Skills for organizations, partners, the ecosystem

Anthropic Skills and Overall Direction

  • Many see Anthropic leaning into “open standards” to position itself as the serious, research-focused alternative, in contrast to OpenAI’s more closed, Apple-like platform.
  • Some view Skills as a clever funnel: open, portable format that still drives usage back to Claude and partners.
  • Others argue calling this a “standard” is premature; it’s just a published spec.

What Skills Are (Conceptually)

  • Common interpretation: curated, reusable prompts plus optional code that can be lazily loaded into context when needed.
  • Framed as a way to manage context: avoid huge upfront dumps by loading targeted guidance or tools just-in-time.
  • Several people note this is basically formalizing existing prompt patterns.

Skills vs MCP, Agents, and Tools

  • MCP is seen as heavier: remote, authenticated bridges to external systems, with notable context bloat and UX/security issues.
  • Skills are local, lighter on context, and closer to “saved know-how” or “pre-context” than to protocols.
  • Some predict MCP will fade while the agent loop (tool-calling + while loop + discoverability) persists; others argue both remain complementary (MCP for real-world integrations, Skills for specialization).
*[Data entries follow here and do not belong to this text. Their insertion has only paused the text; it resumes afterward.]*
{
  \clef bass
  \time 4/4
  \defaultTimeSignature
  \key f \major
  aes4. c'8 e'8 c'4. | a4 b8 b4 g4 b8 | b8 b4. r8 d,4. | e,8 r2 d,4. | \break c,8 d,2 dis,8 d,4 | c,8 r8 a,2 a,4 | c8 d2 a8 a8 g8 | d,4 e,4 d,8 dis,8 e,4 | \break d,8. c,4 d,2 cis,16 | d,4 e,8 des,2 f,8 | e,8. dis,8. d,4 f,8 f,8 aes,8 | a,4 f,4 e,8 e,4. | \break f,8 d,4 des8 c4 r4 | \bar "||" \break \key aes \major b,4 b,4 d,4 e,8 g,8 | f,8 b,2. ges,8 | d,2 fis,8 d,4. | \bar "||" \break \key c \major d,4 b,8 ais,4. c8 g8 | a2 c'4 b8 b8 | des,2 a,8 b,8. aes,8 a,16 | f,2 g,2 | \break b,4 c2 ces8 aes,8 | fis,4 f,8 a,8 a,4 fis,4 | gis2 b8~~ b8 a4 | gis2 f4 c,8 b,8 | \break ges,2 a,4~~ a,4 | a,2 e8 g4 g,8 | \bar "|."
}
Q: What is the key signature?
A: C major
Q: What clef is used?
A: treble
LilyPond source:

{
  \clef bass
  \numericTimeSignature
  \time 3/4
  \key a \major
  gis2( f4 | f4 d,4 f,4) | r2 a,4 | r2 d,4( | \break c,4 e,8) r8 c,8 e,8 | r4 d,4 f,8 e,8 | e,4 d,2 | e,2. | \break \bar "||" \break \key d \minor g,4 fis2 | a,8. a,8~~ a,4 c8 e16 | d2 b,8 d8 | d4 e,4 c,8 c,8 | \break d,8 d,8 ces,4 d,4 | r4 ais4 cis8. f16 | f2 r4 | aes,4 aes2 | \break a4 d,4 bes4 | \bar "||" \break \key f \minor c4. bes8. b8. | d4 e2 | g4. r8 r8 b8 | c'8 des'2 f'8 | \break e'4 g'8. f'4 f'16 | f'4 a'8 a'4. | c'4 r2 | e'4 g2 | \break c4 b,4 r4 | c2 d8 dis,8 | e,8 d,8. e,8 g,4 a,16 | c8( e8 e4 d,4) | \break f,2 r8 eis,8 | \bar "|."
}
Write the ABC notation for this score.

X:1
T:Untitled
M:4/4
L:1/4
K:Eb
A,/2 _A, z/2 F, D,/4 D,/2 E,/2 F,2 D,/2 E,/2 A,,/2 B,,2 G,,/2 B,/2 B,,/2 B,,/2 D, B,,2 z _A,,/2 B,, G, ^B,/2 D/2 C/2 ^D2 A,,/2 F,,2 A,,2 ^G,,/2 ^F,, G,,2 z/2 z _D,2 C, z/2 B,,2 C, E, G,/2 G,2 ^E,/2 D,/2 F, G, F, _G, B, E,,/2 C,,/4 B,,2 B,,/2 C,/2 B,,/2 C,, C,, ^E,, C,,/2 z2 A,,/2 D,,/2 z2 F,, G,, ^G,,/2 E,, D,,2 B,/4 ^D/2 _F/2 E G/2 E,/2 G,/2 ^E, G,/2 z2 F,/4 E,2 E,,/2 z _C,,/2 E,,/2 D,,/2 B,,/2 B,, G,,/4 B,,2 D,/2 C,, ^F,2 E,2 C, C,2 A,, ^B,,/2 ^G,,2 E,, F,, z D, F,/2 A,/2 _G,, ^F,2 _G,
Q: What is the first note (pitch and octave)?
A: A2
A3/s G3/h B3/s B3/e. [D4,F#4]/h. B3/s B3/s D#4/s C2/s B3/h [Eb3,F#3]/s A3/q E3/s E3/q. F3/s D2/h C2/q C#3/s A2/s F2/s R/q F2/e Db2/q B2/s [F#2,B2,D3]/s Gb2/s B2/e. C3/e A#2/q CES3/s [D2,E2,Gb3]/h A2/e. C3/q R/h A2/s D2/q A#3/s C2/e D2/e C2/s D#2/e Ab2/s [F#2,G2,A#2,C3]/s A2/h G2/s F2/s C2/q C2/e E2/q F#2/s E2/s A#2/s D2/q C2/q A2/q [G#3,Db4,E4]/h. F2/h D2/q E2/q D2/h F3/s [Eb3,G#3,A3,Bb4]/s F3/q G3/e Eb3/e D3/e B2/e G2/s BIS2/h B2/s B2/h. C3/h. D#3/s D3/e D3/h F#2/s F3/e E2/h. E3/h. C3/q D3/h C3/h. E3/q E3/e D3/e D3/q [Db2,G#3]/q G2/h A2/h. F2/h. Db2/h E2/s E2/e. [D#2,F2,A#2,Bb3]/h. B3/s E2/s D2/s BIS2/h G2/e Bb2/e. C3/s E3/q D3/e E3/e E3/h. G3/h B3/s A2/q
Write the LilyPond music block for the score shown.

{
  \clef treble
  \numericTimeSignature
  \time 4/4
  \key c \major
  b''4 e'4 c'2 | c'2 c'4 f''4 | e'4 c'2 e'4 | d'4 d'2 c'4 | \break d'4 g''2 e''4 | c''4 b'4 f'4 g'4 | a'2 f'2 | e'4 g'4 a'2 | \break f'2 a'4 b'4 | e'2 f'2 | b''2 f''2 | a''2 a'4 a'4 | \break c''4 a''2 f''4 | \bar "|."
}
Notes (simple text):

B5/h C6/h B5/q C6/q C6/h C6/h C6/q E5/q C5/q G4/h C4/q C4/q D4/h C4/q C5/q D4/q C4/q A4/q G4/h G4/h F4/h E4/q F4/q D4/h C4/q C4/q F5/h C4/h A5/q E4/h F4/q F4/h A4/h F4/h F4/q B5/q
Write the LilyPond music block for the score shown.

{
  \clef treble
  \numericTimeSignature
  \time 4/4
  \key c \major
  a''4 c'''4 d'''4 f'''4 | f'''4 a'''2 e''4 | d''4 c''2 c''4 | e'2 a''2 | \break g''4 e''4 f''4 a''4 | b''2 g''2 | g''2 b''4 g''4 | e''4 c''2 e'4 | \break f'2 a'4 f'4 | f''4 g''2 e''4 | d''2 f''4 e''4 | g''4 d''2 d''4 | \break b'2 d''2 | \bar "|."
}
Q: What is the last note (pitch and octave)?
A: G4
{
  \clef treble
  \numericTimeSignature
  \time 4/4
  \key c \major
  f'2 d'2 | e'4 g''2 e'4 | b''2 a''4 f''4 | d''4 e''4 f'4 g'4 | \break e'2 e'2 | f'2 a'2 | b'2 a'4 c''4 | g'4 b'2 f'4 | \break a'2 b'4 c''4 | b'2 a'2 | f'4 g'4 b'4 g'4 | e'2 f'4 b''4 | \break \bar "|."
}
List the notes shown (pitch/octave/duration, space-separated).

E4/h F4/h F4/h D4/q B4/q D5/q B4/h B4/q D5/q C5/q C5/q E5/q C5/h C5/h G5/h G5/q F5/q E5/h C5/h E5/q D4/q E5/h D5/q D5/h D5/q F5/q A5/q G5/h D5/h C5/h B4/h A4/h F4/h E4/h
Adoption, Churn, and Standards Skepticism

  • Frequent worry that Agents/MCP/Skills/A2A may end up as short-lived Netscape-era curiosities.
  • Complaints about “JavaScript framework energy”: many overlapping specs (skills, prompts, slash-commands, agent files) causing fragmentation and fatigue.
  • Debate over whether AI “standards” should go through bodies like IETF; some see current efforts as marketing-driven and technically immature.

Real-world Usage and Benefits

  • Concrete MCP examples: biotech research pipelines, data access layers, and content migrations where LLMs orchestrate traditional tools.
  • Skills used to encode tribal knowledge, workflows, and analysis patterns for teams; some are experimenting with “meta-skills” that generate new skills from sessions.

Limitations and Open Questions

  • Critics say Skills are an awkward patch over model limitations and don’t fundamentally solve hallucinations or context dilution.
  • Others think they’re “good enough” and the best practical pattern so far.
  • Questions remain around composability, state, evolution with user preferences, and whether this truly reduces lock-in or just repackages prompt engineering.

Tone and Culture

  • Thread mixes genuine enthusiasm, production stories, and heavy sarcasm: jokes about left-pad skills, markdown “persona standards,” and AI as a fashion-driven circus.